I see.. that works because of the definition of lcm : \[\mathrm{lcm(m,n)} = \prod_{i=1}^r p_i^{\mathrm{max}\{m_i,n_i\}}\]

Answer 36

without loss of generality
\(\Large n=\prod p_i^{k_i}\\m=\prod p_j^{g_j}\\ \Large gcd(n,m)=\prod p_i^{|k_i-q_j|} \\ \Large gcd(gcd(n,m),x,y)=1 \)

Answer 37

yes thats even more neat xD

Answer 38

i have just removed gcd from your proof :)

Answer 39

i saw this proof once but never wrote it again ,i guess it was using max notation as well xD

Answer 40

fixed typo :

consider prime factorization of \(m\) and \(n\) :
\(\large m = p_1^{m_1}p_2^{m_2} \cdots p_r^{m_r}\)

\(\large n = p_1^{n_1}p_2^{n_2} \cdots p_r^{n_r}\)

since \(m|c\) and \(n|c\), we have \(p_i^{\max\{m_i, n_i\}} ~\Big | ~c\) and consequently \(\mathrm{lcm}(m,n) | c\)
\(\blacksquare\)

Answer 41

nice

Answer 42

so, from my teacher, if m and n a relatively prime by chinese remainder, this is obvious.

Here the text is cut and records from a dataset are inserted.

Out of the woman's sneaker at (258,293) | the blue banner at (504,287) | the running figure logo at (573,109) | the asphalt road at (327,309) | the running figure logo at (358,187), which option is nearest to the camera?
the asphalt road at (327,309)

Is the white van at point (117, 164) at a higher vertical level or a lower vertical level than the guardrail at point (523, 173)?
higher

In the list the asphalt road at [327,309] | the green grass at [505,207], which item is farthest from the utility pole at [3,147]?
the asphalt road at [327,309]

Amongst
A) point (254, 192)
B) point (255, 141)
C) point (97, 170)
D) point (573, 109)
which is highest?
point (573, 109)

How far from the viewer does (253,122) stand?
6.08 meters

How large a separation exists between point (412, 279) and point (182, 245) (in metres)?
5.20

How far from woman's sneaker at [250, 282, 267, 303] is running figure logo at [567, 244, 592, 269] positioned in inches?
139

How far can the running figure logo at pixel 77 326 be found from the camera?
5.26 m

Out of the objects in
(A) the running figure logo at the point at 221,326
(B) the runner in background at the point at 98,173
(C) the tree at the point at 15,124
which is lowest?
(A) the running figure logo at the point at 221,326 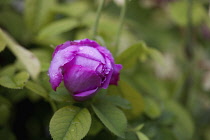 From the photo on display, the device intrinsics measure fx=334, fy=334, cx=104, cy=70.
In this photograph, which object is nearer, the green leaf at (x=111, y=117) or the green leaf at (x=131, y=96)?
the green leaf at (x=111, y=117)

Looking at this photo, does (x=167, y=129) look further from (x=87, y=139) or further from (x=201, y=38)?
(x=201, y=38)

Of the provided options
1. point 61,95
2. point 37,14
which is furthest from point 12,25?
point 61,95

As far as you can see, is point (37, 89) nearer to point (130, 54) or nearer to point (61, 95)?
point (61, 95)

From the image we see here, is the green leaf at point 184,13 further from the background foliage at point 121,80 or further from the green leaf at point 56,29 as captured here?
the green leaf at point 56,29

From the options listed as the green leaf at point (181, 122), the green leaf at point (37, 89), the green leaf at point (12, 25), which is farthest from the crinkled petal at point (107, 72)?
the green leaf at point (12, 25)

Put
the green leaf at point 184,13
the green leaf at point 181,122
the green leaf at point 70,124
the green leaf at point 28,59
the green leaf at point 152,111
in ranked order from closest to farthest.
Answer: the green leaf at point 70,124 → the green leaf at point 28,59 → the green leaf at point 152,111 → the green leaf at point 181,122 → the green leaf at point 184,13

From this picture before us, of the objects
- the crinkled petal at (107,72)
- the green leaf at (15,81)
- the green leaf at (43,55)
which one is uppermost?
the crinkled petal at (107,72)

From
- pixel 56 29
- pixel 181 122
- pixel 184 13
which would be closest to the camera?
pixel 56 29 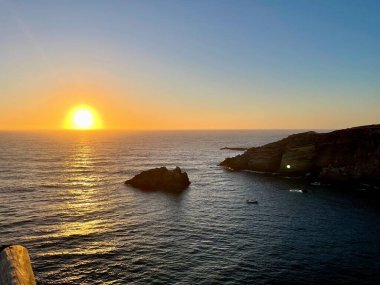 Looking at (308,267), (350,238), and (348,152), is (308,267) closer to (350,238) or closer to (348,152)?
(350,238)

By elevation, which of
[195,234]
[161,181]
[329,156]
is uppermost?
[329,156]

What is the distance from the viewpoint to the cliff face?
4318 inches

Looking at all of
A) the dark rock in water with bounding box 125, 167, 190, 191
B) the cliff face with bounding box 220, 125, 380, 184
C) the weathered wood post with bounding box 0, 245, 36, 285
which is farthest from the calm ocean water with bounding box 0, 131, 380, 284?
the weathered wood post with bounding box 0, 245, 36, 285

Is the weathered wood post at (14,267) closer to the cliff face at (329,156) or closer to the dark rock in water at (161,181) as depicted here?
the dark rock in water at (161,181)

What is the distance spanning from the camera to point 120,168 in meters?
152

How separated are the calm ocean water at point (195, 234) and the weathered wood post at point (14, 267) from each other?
3258 cm

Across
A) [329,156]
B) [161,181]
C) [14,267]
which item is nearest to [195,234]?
[161,181]

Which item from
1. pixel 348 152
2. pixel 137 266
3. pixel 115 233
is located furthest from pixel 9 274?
pixel 348 152

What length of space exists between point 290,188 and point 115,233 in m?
61.6

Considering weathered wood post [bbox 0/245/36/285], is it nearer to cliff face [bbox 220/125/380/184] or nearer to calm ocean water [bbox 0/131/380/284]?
calm ocean water [bbox 0/131/380/284]

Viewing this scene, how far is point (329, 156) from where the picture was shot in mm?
119000

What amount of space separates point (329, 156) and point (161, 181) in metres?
60.2

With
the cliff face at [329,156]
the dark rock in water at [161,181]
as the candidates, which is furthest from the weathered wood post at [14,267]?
the cliff face at [329,156]

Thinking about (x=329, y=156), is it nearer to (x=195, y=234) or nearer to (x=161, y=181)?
(x=161, y=181) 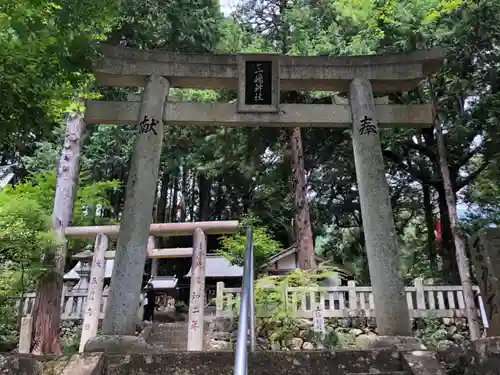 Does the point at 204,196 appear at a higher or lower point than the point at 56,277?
higher

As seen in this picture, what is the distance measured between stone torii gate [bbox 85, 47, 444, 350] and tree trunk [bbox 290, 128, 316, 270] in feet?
18.5

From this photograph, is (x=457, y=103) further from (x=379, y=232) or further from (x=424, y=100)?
(x=379, y=232)

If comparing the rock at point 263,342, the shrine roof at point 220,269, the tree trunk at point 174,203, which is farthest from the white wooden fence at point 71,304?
the tree trunk at point 174,203

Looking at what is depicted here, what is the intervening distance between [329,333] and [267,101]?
553cm

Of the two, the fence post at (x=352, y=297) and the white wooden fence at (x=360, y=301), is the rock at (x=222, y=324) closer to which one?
the white wooden fence at (x=360, y=301)

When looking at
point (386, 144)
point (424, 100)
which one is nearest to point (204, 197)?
point (386, 144)

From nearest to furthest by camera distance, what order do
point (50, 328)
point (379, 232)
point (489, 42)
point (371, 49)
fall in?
point (379, 232) < point (50, 328) < point (489, 42) < point (371, 49)

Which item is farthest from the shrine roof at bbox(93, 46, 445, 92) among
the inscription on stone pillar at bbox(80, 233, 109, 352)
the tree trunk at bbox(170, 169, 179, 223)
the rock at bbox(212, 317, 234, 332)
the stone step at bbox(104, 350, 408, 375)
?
the tree trunk at bbox(170, 169, 179, 223)

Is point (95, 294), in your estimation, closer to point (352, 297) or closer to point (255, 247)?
point (255, 247)

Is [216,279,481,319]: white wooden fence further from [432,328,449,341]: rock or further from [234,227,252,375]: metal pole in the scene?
[234,227,252,375]: metal pole

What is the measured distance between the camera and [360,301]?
10.2m

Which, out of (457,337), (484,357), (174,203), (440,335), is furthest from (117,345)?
(174,203)

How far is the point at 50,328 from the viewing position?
8359mm

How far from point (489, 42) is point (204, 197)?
1653cm
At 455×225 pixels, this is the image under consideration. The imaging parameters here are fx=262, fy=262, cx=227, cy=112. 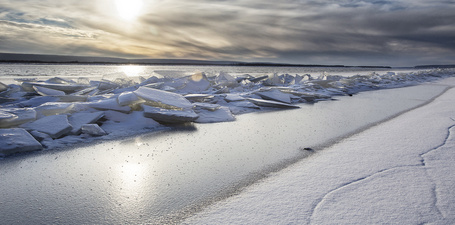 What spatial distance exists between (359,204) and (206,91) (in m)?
5.95

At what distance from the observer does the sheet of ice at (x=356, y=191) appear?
1.22 metres

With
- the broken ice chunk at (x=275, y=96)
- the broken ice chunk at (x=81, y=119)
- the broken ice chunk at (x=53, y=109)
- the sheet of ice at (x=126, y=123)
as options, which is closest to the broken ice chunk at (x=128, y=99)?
the sheet of ice at (x=126, y=123)

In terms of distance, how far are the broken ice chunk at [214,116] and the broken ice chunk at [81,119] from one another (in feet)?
4.22

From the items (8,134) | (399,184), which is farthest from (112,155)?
(399,184)

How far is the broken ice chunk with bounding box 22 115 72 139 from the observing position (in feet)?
8.98

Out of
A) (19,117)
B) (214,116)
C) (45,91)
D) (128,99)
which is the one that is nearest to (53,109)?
(19,117)

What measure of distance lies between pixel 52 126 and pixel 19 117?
42 centimetres

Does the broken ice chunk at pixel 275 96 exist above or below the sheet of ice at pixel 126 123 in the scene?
above

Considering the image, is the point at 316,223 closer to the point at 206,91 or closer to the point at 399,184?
the point at 399,184

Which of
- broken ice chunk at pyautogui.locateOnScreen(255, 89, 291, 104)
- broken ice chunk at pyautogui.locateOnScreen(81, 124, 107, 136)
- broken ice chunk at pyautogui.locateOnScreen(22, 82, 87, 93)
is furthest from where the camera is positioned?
broken ice chunk at pyautogui.locateOnScreen(22, 82, 87, 93)

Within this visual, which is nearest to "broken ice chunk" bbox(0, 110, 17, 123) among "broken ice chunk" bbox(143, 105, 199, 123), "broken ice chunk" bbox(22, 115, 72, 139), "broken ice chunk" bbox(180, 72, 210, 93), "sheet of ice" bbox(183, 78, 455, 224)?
"broken ice chunk" bbox(22, 115, 72, 139)

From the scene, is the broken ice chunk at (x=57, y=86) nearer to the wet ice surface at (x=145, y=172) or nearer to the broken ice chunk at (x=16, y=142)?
the broken ice chunk at (x=16, y=142)

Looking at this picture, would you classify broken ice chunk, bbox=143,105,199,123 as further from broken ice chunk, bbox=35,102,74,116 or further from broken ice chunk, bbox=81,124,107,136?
broken ice chunk, bbox=35,102,74,116

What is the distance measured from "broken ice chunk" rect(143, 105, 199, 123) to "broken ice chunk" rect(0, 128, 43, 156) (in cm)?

The issue(which he hasn't solved yet) is when they are not relatively prime

Answer 43

we attempted the prime factorization method of reducing but the issue was being rigorous

Answer 44

apply Chinese theorem for the least un common primes

Answer 45

then do some stuff

Answer 46

I do not understand what you mean there

Answer 47

idk lol :P

Answer 48

Ya see, I wanted to do the prime factorization then remove the common primes
but rigorously, was the issue

Answer 49

whats ur question anyway ?

Answer 50

this sentence makes no sense to me "apply Chinese theorem for the least un common primes "

Answer 51

sorry about that xD

Answer 52

which, is my confusion, but anyways, yea, so we need to determine how to break m and n down into their prime factorizations then determine a way to set up chinese remainder

Answer 53

interesting xD yeah chinese remainder thm requires moduli to be relative prime when taken in pairs. rigorous proof without using prime factorization looks very tricky

Answer 54

well, it gives us a two case proof, case 1 they're relatively prime, case2 they're not

Answer 55

im not getting any ideas atm, il wait for your proof fib :)

Answer 56

haha, my teacher didn't get it in the 20 minutes he looked at it. His intuition was to try and use the proof of the chinese remainder thm somehow

Answer 57

If \(a\equiv b\pmod m\) and \(a\equiv b\pmod n\) then below also holds :

\(a\equiv b\pmod{d}\) where \(d\) is any divisor of \(m\) or \(n\)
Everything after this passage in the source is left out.